— What you need to do —
Print the listing as it stands, omitting all images.

= Beginning of Section =

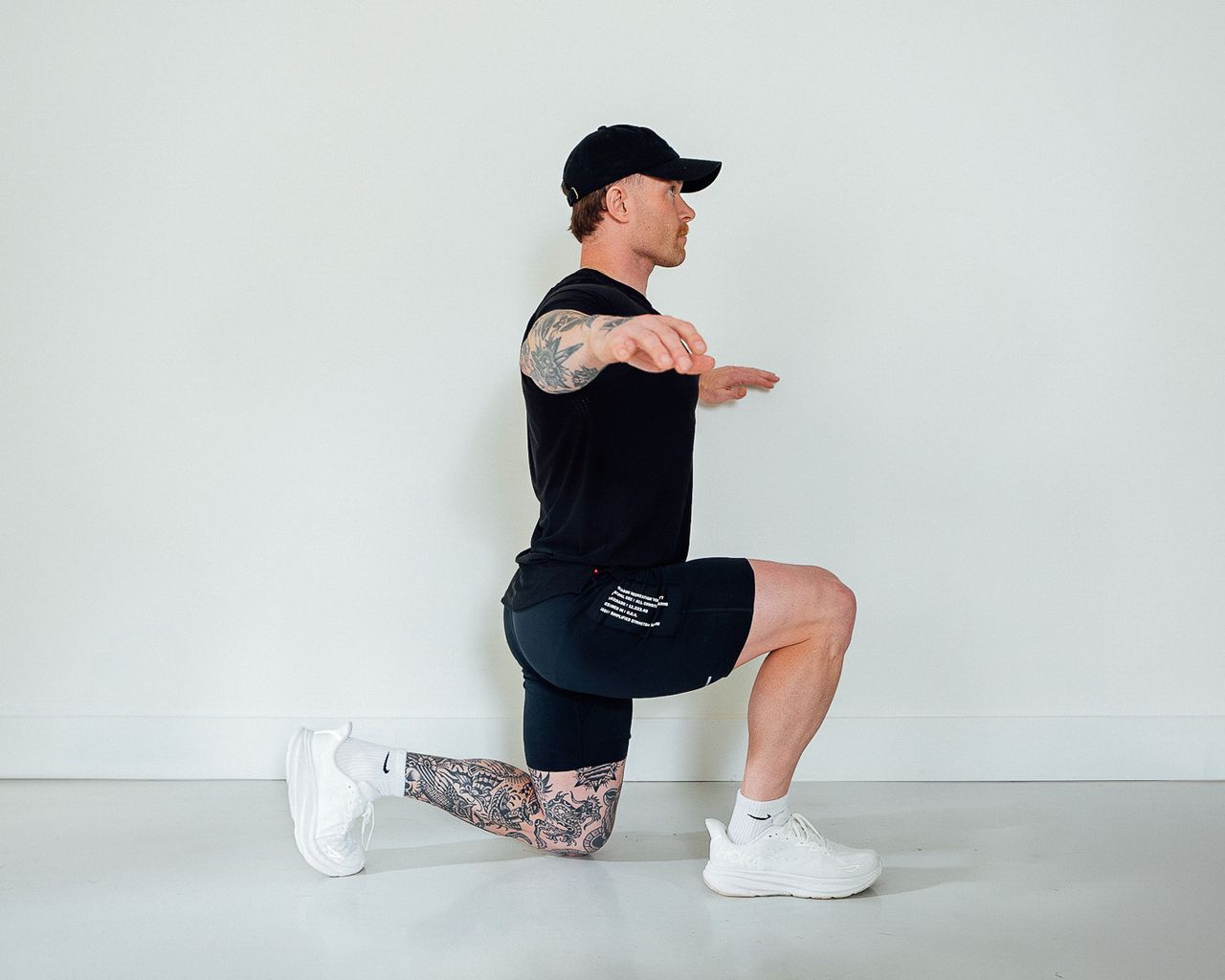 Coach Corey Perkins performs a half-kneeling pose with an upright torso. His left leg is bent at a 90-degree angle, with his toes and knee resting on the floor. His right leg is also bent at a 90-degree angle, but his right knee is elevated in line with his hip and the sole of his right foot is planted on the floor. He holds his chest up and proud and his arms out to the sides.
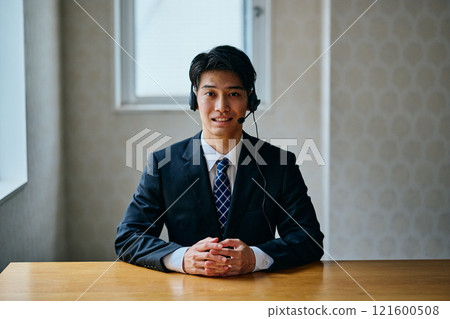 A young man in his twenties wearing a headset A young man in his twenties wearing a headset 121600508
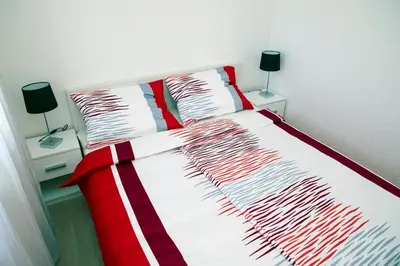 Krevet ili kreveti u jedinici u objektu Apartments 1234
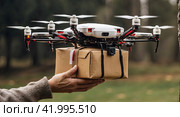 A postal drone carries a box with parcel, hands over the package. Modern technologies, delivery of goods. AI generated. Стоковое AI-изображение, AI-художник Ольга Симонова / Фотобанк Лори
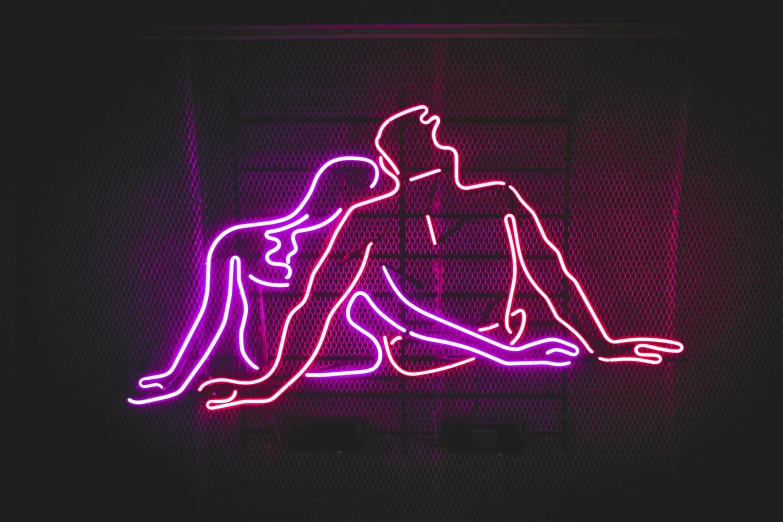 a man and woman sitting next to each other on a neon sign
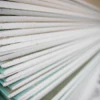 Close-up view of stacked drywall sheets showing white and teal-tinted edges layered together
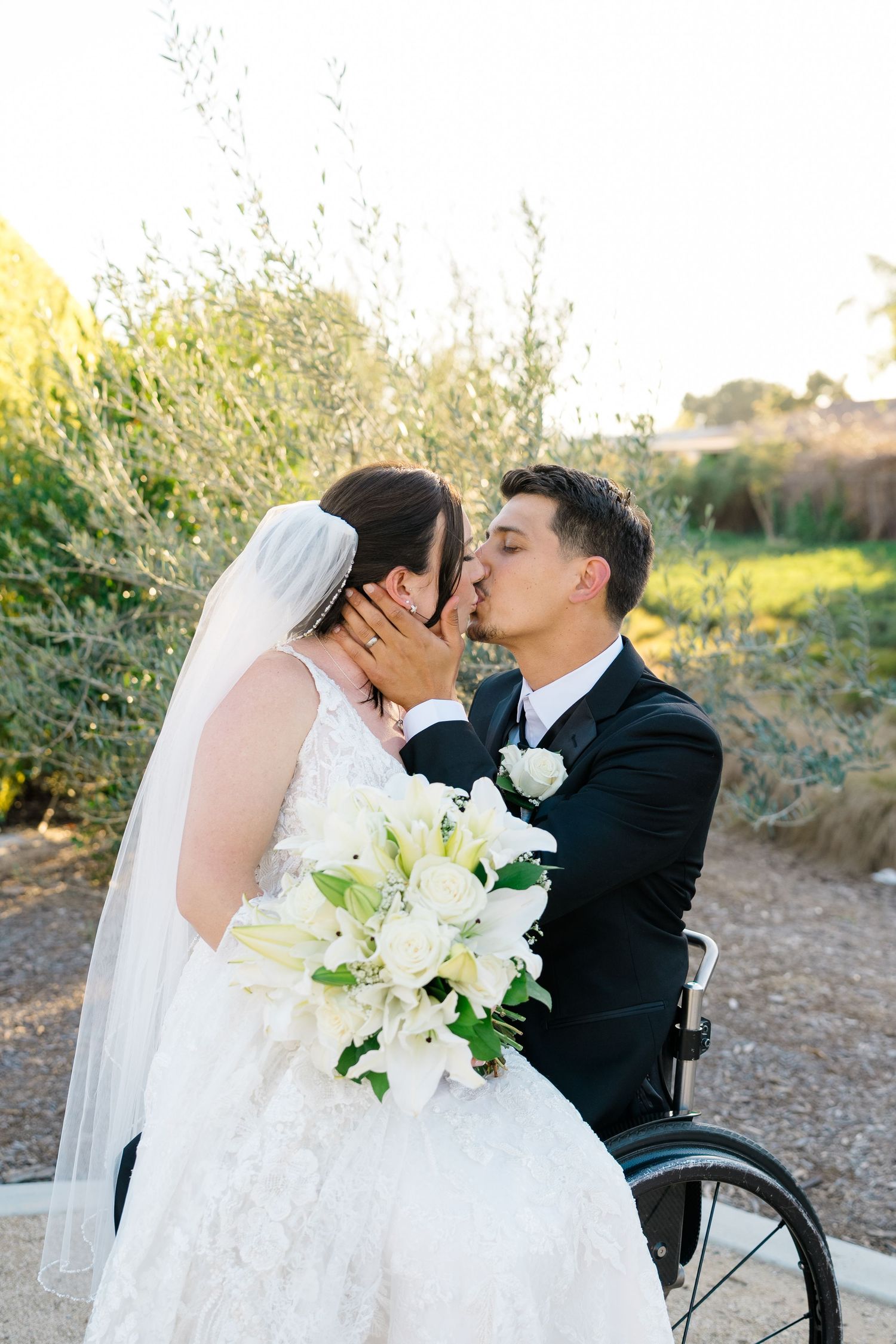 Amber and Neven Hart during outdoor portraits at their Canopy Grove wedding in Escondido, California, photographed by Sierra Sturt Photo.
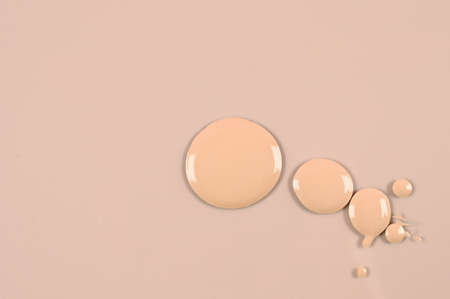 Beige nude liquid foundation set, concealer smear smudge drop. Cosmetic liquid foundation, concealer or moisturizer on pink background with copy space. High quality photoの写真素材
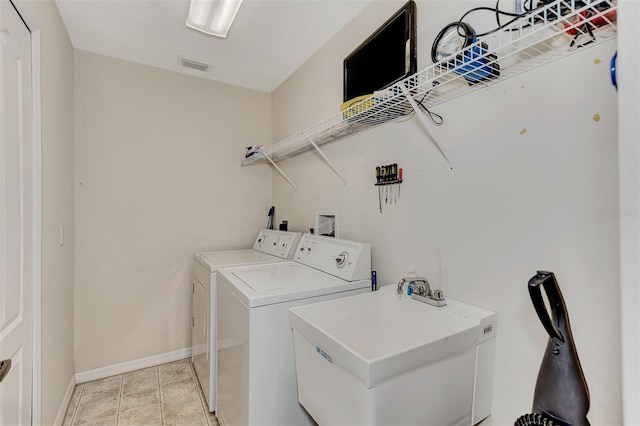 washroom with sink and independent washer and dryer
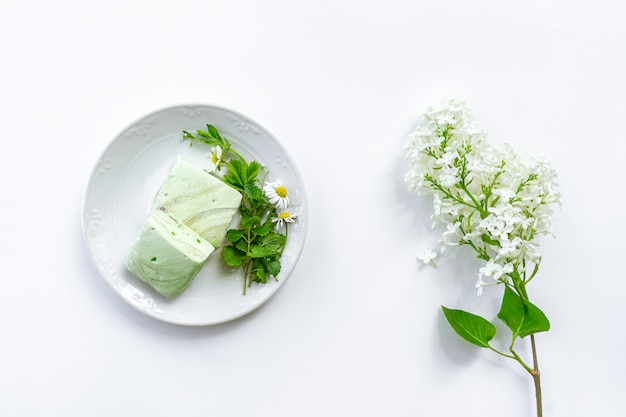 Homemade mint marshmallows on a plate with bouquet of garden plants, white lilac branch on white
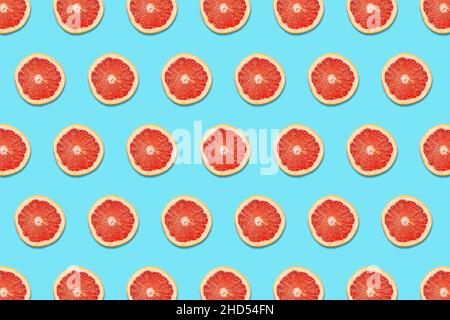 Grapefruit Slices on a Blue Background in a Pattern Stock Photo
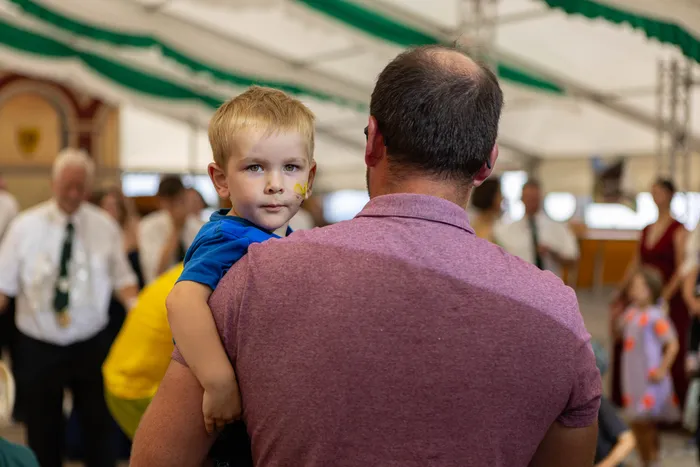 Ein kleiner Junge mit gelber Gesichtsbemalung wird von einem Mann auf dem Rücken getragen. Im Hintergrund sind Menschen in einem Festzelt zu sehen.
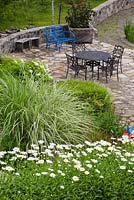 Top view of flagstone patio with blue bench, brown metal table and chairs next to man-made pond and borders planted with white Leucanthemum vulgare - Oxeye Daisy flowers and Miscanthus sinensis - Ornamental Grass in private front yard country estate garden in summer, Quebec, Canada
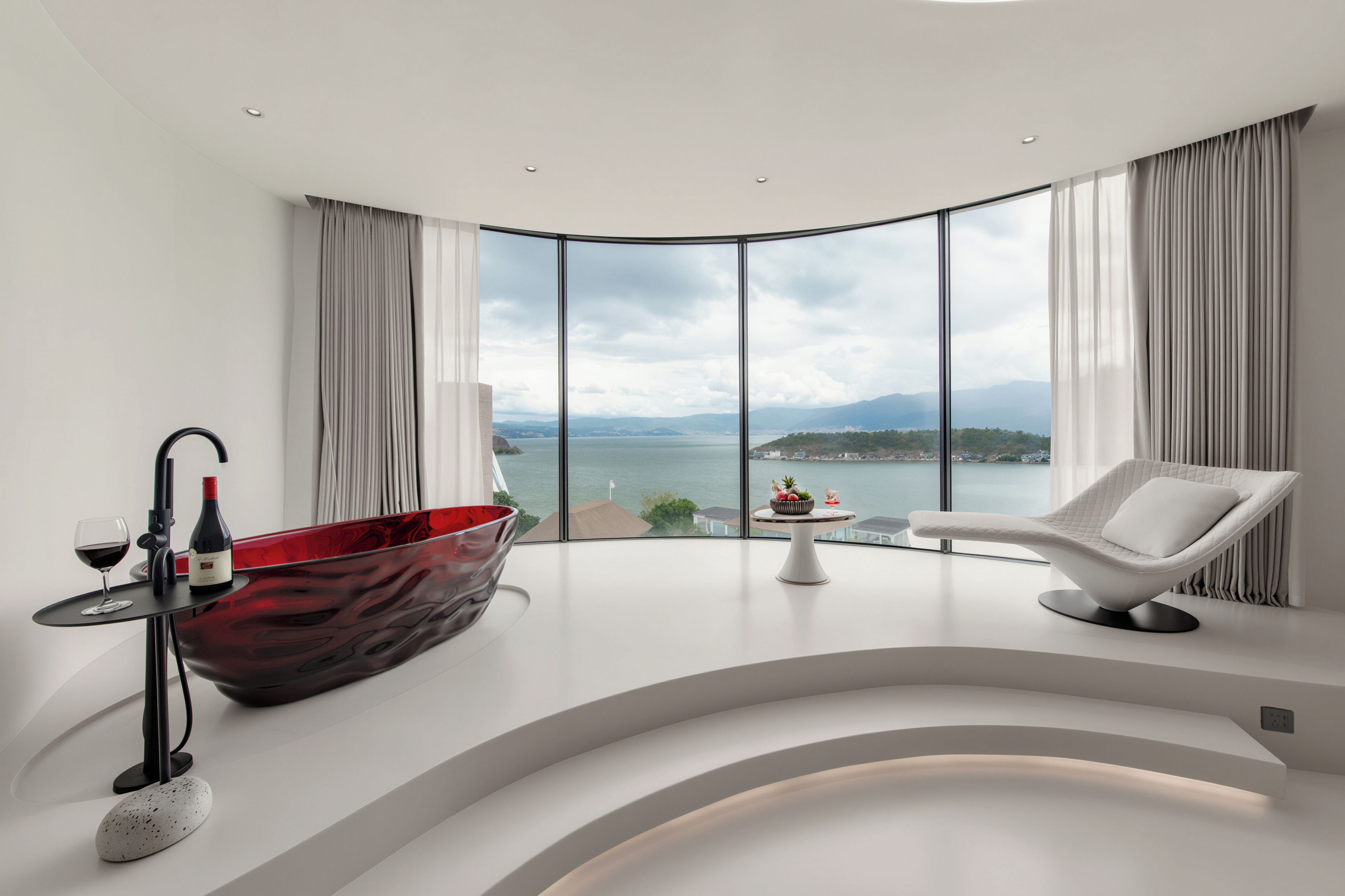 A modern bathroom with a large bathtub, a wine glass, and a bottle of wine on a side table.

= End of Section =

— The answer —
 Coach Corey Perkins performs a half-kneeling pose with an upright torso. His left leg is bent at a 90-degree angle, with his toes and knee resting on the floor. His right leg is also bent at a 90-degree angle, but his right knee is elevated in line with his hip and the sole of his right foot is planted on the floor. He holds his chest up and proud and his arms out to the sides.
 A young man in his twenties wearing a headset A young man in his twenties wearing a headset 121600508
 Krevet ili kreveti u jedinici u objektu Apartments 1234
 A postal drone carries a box with parcel, hands over the package. Modern technologies, delivery of goods. AI generated. Стоковое AI-изображение, AI-художник Ольга Симонова / Фотобанк Лори
 a man and woman sitting next to each other on a neon sign
 Close-up view of stacked drywall sheets showing white and teal-tinted edges layered together
 Amber and Neven Hart during outdoor portraits at their Canopy Grove wedding in Escondido, California, photographed by Sierra Sturt Photo.
 Beige nude liquid foundation set, concealer smear smudge drop. Cosmetic liquid foundation, concealer or moisturizer on pink background with copy space. High quality photoの写真素材
 washroom with sink and independent washer and dryer
 Homemade mint marshmallows on a plate with bouquet of garden plants, white lilac branch on white
 Grapefruit Slices on a Blue Background in a Pattern Stock Photo
 Ein kleiner Junge mit gelber Gesichtsbemalung wird von einem Mann auf dem Rücken getragen. Im Hintergrund sind Menschen in einem Festzelt zu sehen.
 Top view of flagstone patio with blue bench, brown metal table and chairs next to man-made pond and borders planted with white Leucanthemum vulgare - Oxeye Daisy flowers and Miscanthus sinensis - Ornamental Grass in private front yard country estate garden in summer, Quebec, Canada
 A modern bathroom with a large bathtub, a wine glass, and a bottle of wine on a side table.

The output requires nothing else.